How to Turn Your Life into a Movie, Act 2: The Sequel

So, you’re skeptical about the idea of turning your life into a movie?  It makes sense.

At first glance, it’s an outlandish proposal.

The truth is, turning your life into a movie takes everything you’ve got.  It also takes something I’m betting you’ve neglected for a long time.  This week is a bit of a rewrite from what I said I was going to talk in my last post.  This week, I’m going to expand on the idea of turning your life into a movie by looking at three different people who sacrificed much to transform their lives.  One of them isn’t a movie star, but I want to mention his story because it will provide you with one of the greatest examples on the power of perspective, meaning, and perseverance.  In illustrating these three examples, you’ll see a theme common to all their stories.  I’ll wrap this blog up by sharing how all this applies to you, and how the thing you’ve neglected is going to be your greatest asset in the future.  First, I want to revisit Neo and The Matrix, and my own journey as a yoga instructor.

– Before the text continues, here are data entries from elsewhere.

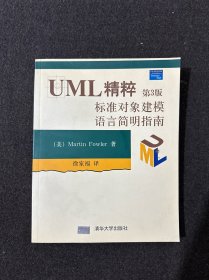 UML精粹：标准对象建模语言简明指南：第3版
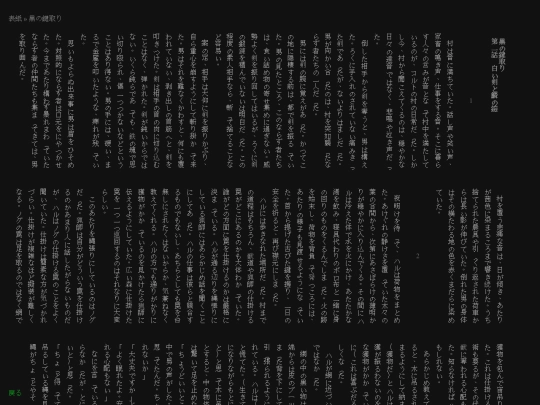 yokan/a-tearless-keyholder-never-sleeps/01 screenshot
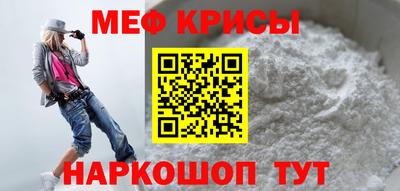 spice Можайск
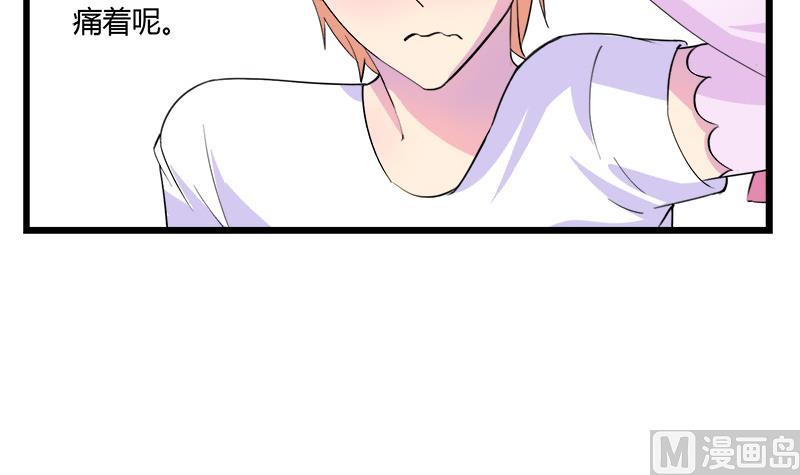 《灰姑娘的阴谋》第70话 酒醒之后 第21页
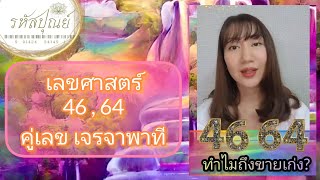 เลขศาสตร์ 46 , 64 (เลขค้าขายเก่ง)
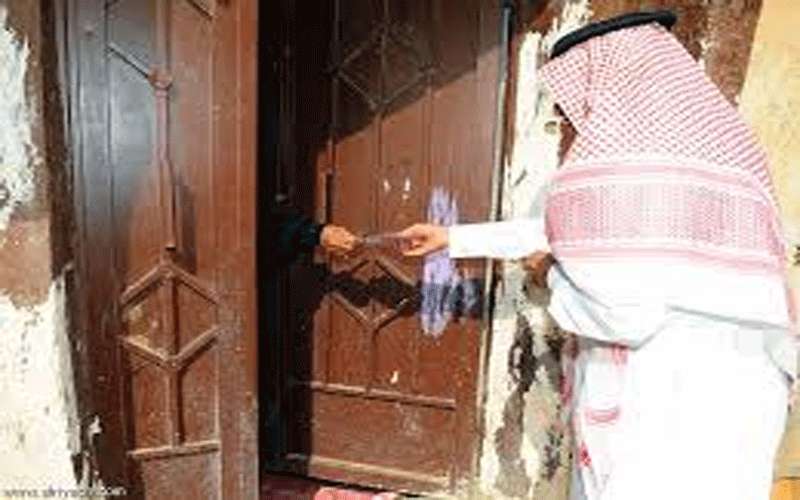 دعوة لمالكي البيوت للتنازل عن الايجارات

When I got out of the Marines in 2006, I didn’t plan on becoming a yoga instructor.  In fact, I don’t know that I could tell you what a yoga studio was; I’d never seen one while I was on active duty.

The weekend I left active duty, I was staying with my parents here in North Carolina as I began my relocation to Virginia Beach, where I would start my corporate career.  I read an article in Sports Illustrated about NFL players using yoga to strengthen their midsections.  That was enough for me.  If NFL players could do it, so could I.  I saw the class schedule at my parents’ gym and decided to take a class.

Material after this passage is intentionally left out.